• Records for processing:
┄┄┄┄┄┄┄┄┄┄┄┄┄┄┄┄┄┄┄┄

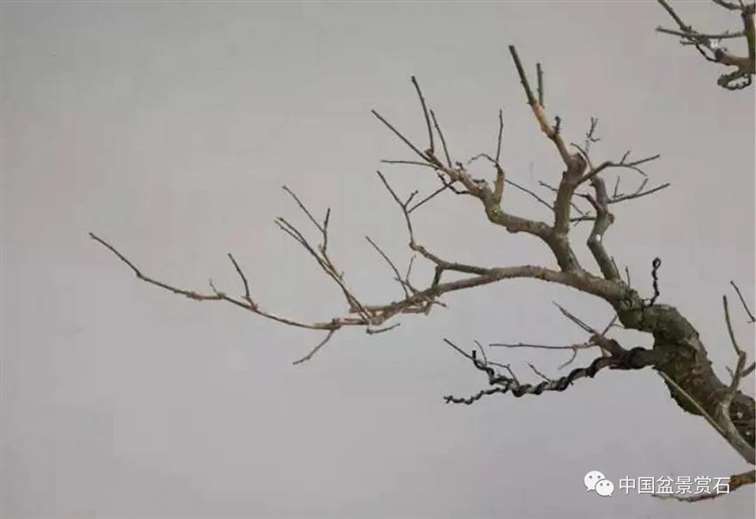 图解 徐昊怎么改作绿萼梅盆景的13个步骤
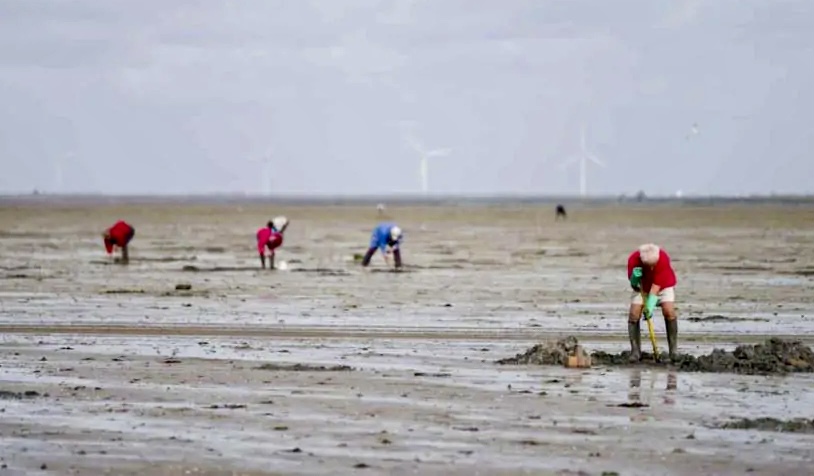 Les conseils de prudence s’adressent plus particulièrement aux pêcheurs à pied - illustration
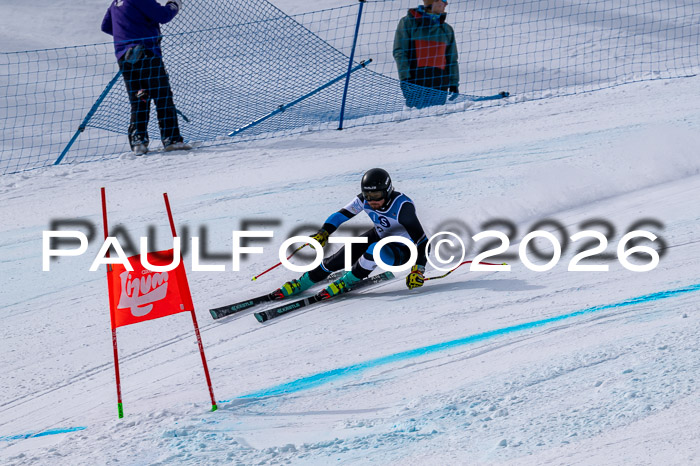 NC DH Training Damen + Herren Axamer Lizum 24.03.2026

┄┄┄┄┄┄┄┄┄┄┄┄┄┄┄┄┄┄┄┄

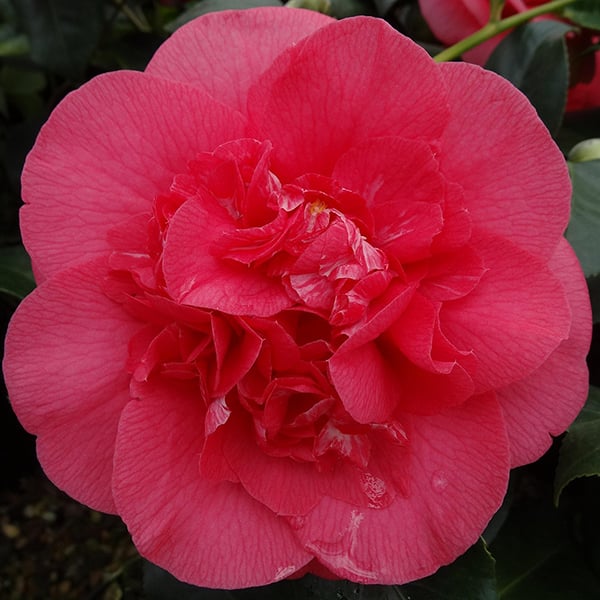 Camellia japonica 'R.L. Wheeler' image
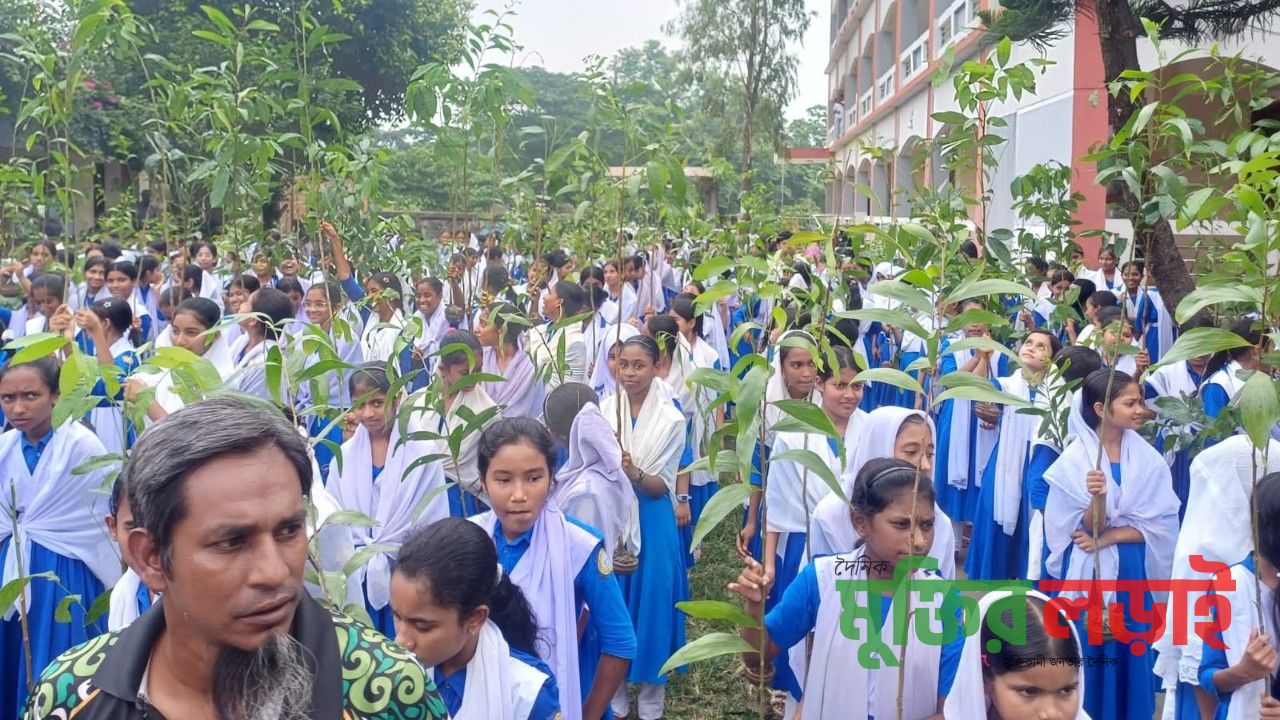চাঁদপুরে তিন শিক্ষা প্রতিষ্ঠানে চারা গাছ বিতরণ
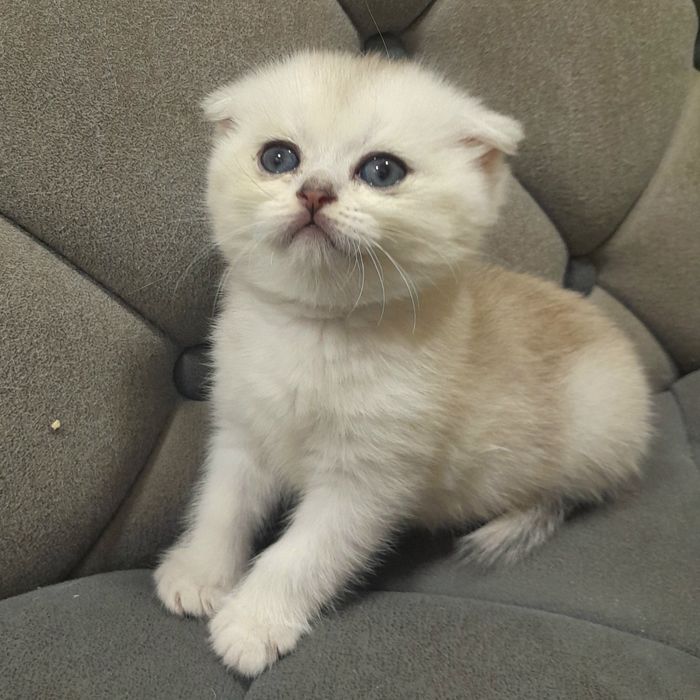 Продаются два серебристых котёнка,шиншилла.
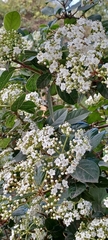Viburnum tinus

┄┄┄┄┄┄┄┄┄┄┄┄┄┄┄┄┄┄┄┄

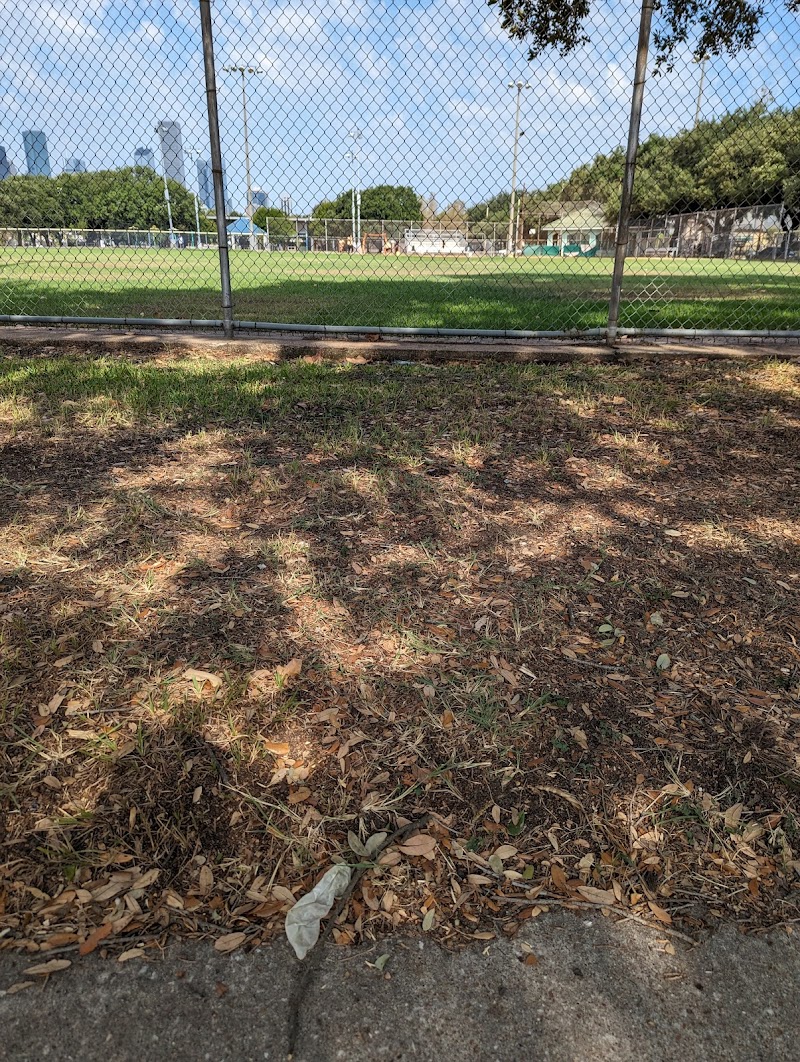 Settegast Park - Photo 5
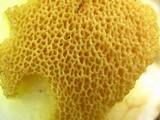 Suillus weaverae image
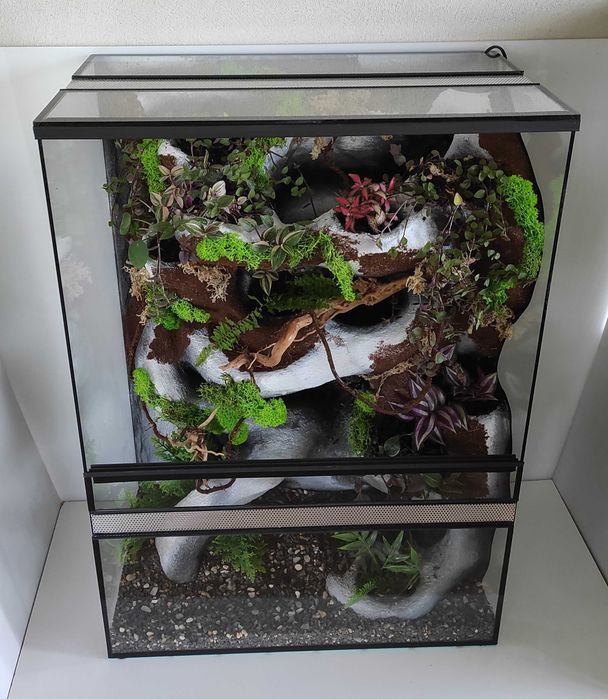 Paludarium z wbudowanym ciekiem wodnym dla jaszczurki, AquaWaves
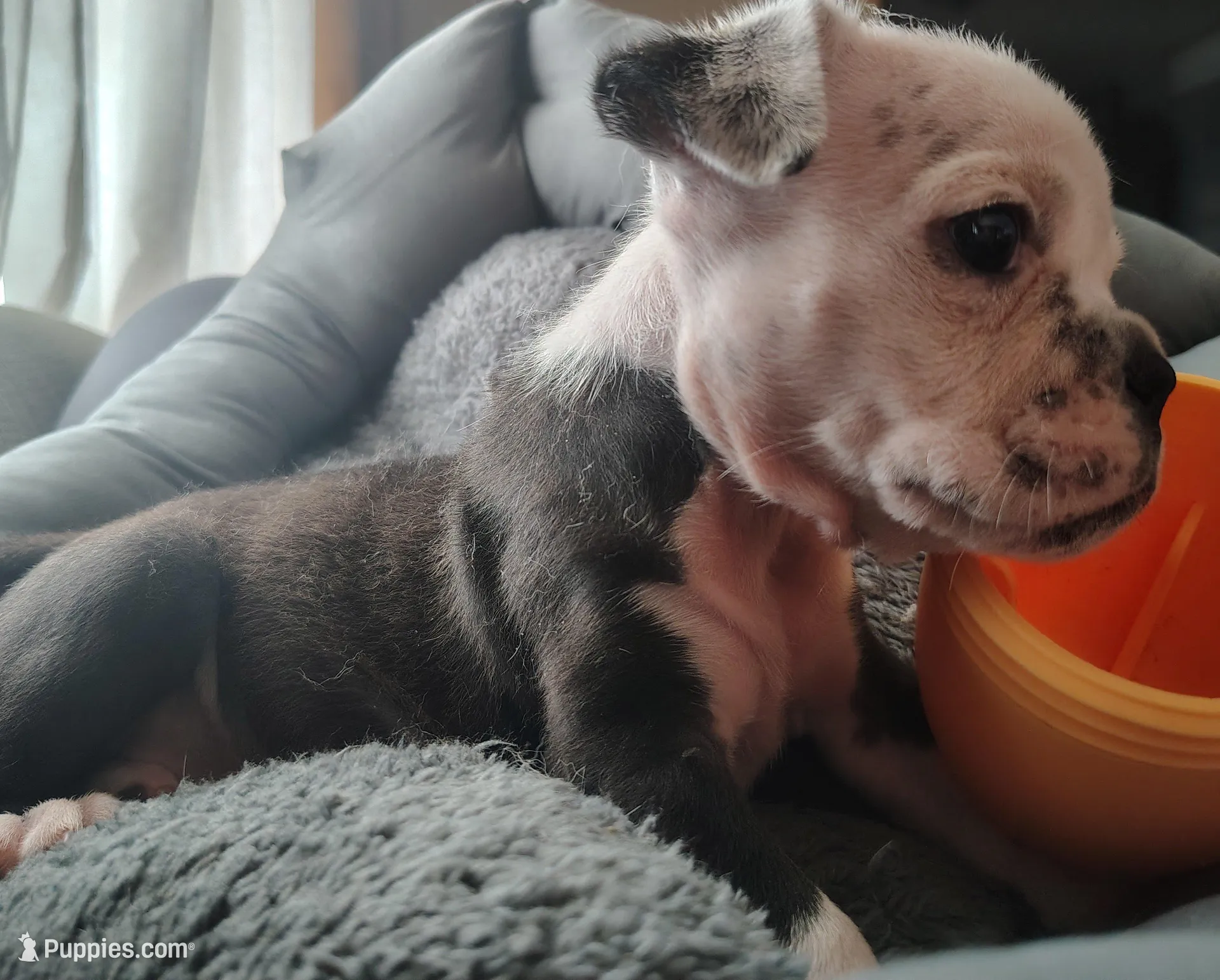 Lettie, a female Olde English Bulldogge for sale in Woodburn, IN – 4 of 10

┄┄┄┄┄┄┄┄┄┄┄┄┄┄┄┄┄┄┄┄

• Exercise brief:
Take the lines above starting at the one containing "图解 徐昊怎么改作绿萼梅盆景的13个步骤" and ending at the one containing "NC DH Training", and print them again exactly, without pictures.

• Exercise response:
 图解 徐昊怎么改作绿萼梅盆景的13个步骤
 Les conseils de prudence s’adressent plus particulièrement aux pêcheurs à pied - illustration
 NC DH Training Damen + Herren Axamer Lizum 24.03.2026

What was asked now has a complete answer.